(SOURCE RECORDS begins)

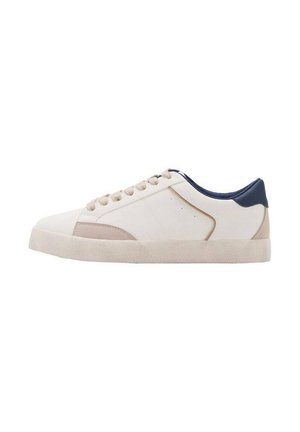Sneaker basse con tomaia in pelle bianca, dettagli in suede rosa chiaro e linguetta in tessuto blu scuro sul tallone. Chiusura con lacci e suola in gomma testurizzata.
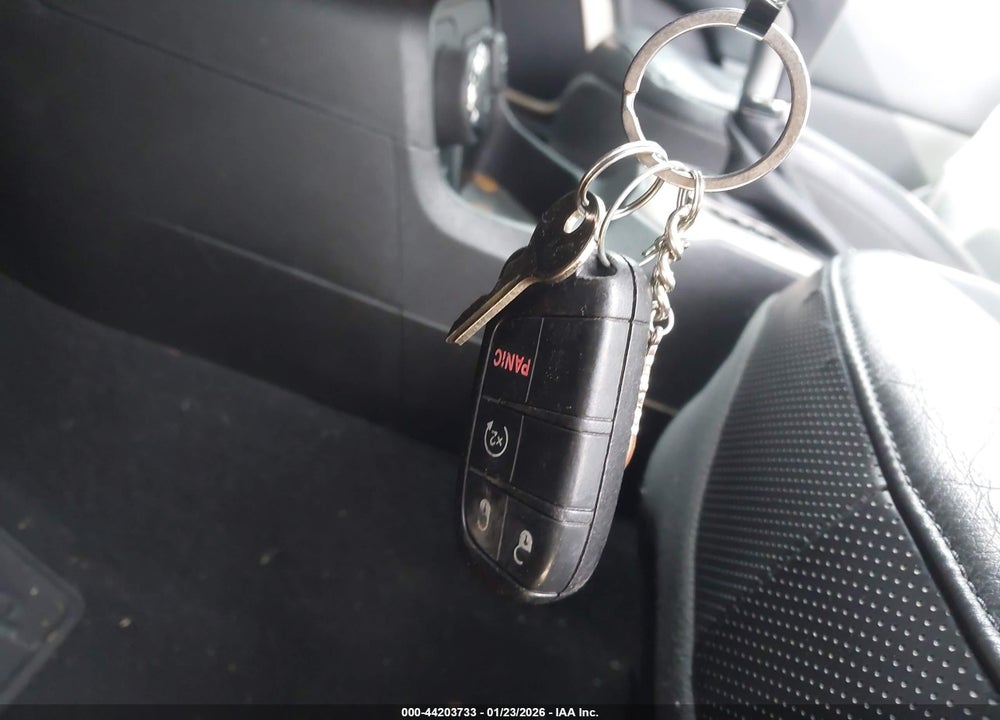 2016 JEEP RENEGADE LIMITED VIN: ZACCJBDT7GPD39496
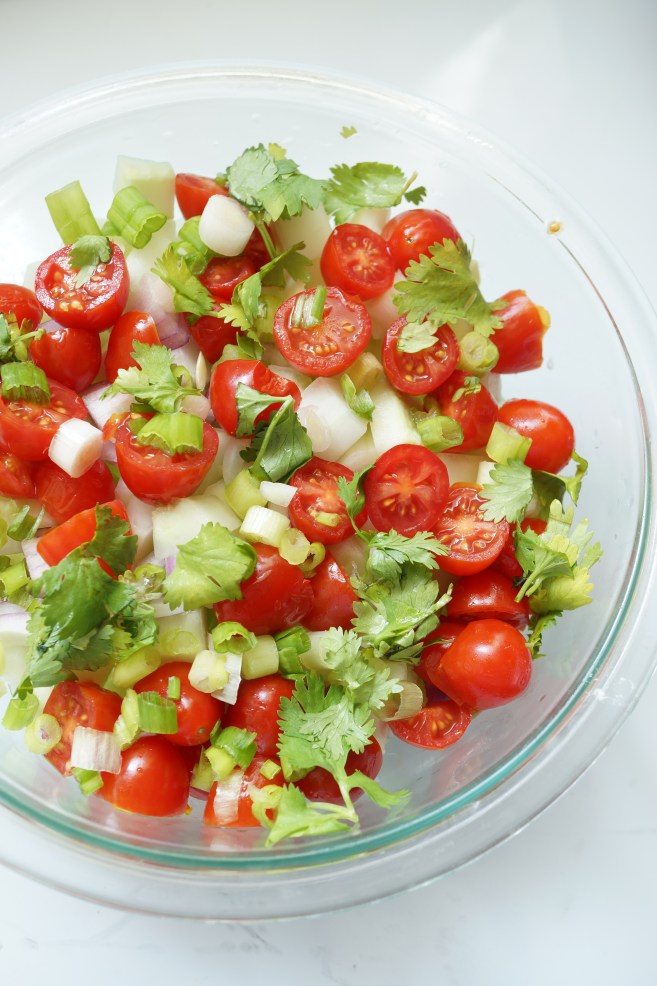 STYLECASTER | easy summer salad | tomato cucumber salad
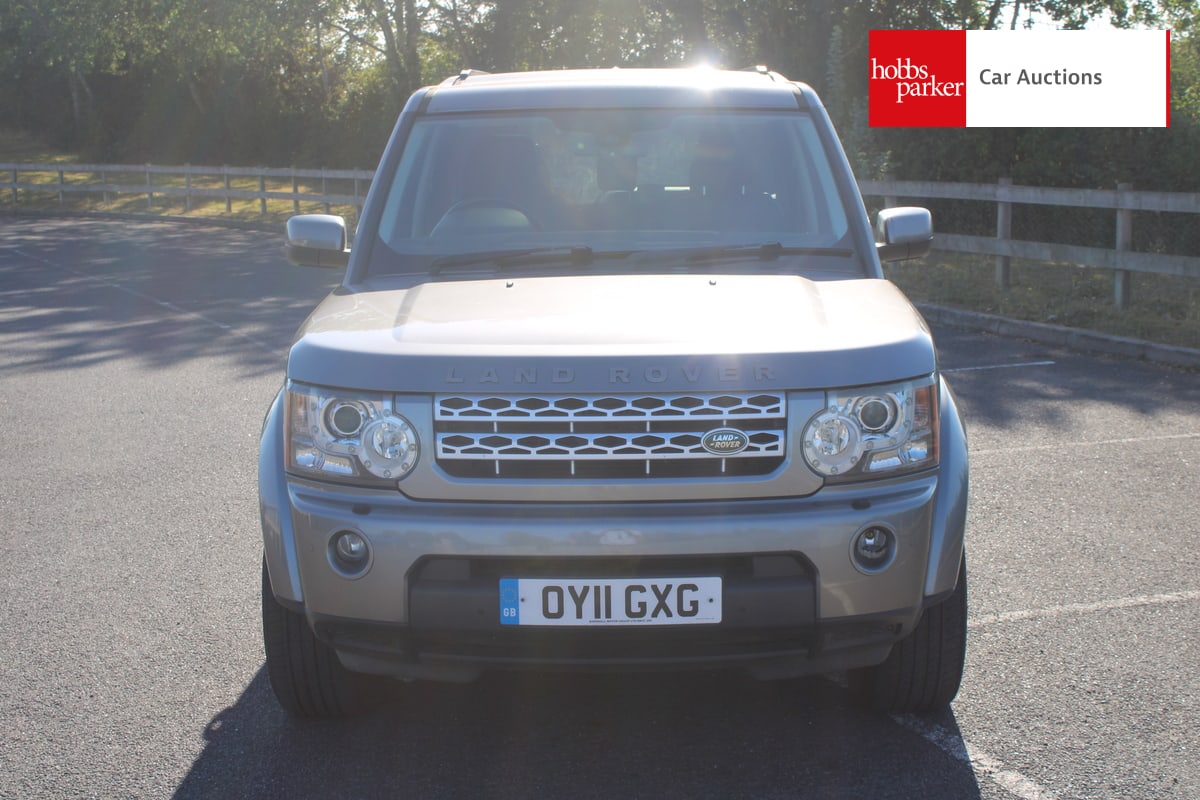 LAND ROVER DISCOVERY HSE TDV6 AUTO image 8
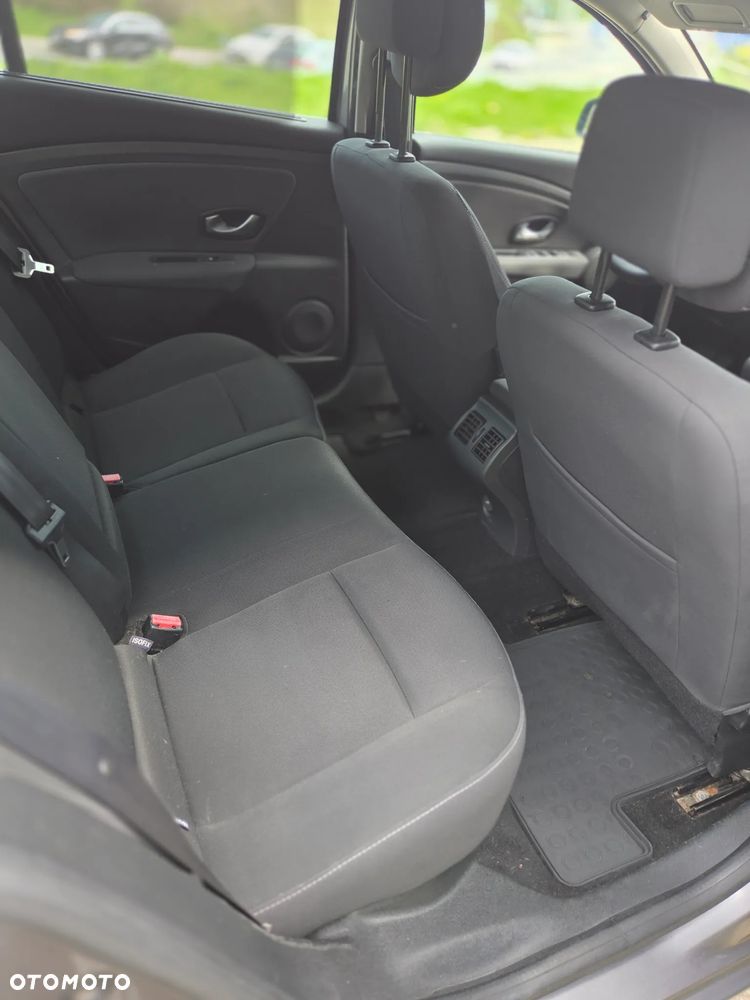 Renault Fluence - 7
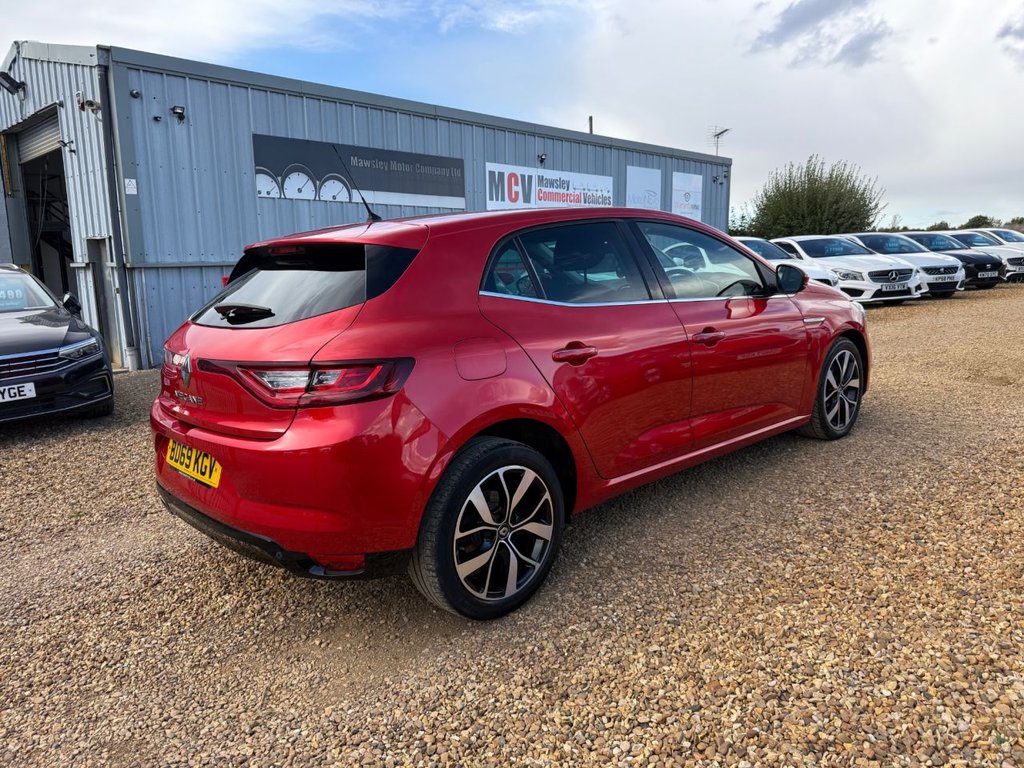 Used Renault Megane 2019 for sale - 76451868: Photo 3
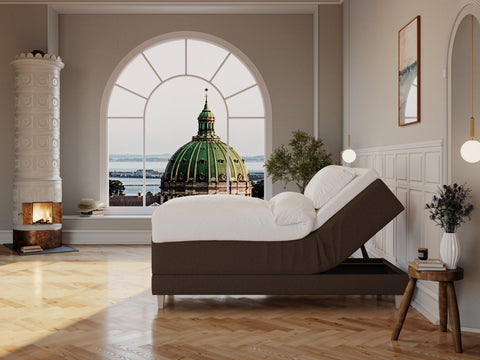 Aura Älv 80x200 Mørk brun Nordic Dream tilbyr senger med skandinavisk design og materialer av høy kvalitet. Opplev perfekt komfort for en god natts søvn. Bestill din i dag!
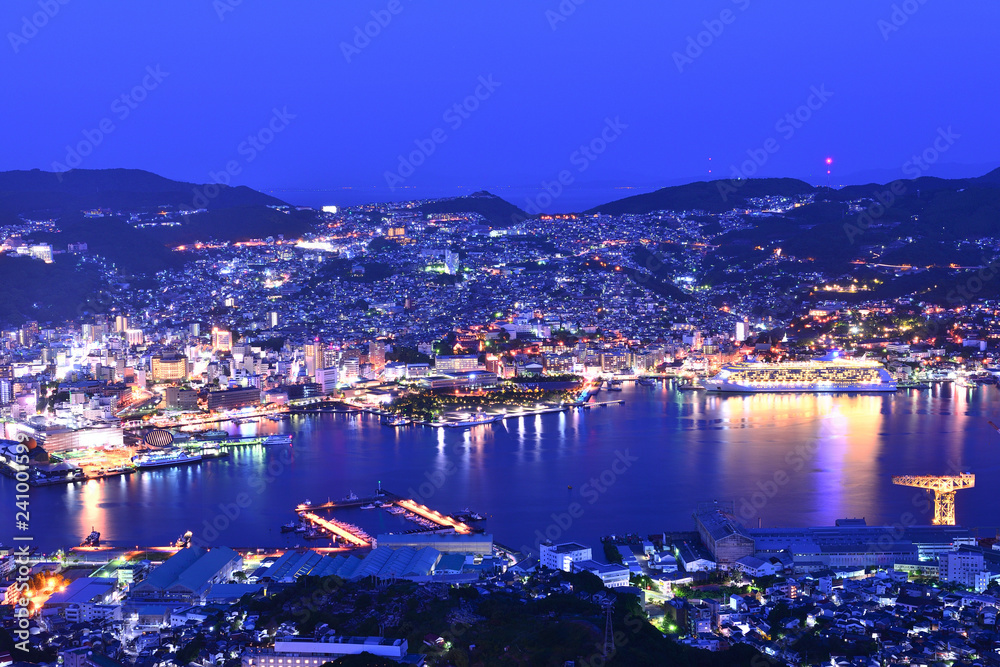 稲佐山から見た長崎の夜景とクルーズ船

(SOURCE RECORDS ends)

WORK ORDER — Your answer must be an exact copy of every entry, with the pictures left out.

TASK RESULT —
Sneaker basse con tomaia in pelle bianca, dettagli in suede rosa chiaro e linguetta in tessuto blu scuro sul tallone. Chiusura con lacci e suola in gomma testurizzata.
 2016 JEEP RENEGADE LIMITED VIN: ZACCJBDT7GPD39496
 STYLECASTER | easy summer salad | tomato cucumber salad
 LAND ROVER DISCOVERY HSE TDV6 AUTO image 8
 Renault Fluence - 7
 Used Renault Megane 2019 for sale - 76451868: Photo 3
 Aura Älv 80x200 Mørk brun Nordic Dream tilbyr senger med skandinavisk design og materialer av høy kvalitet. Opplev perfekt komfort for en god natts søvn. Bestill din i dag!
 稲佐山から見た長崎の夜景とクルーズ船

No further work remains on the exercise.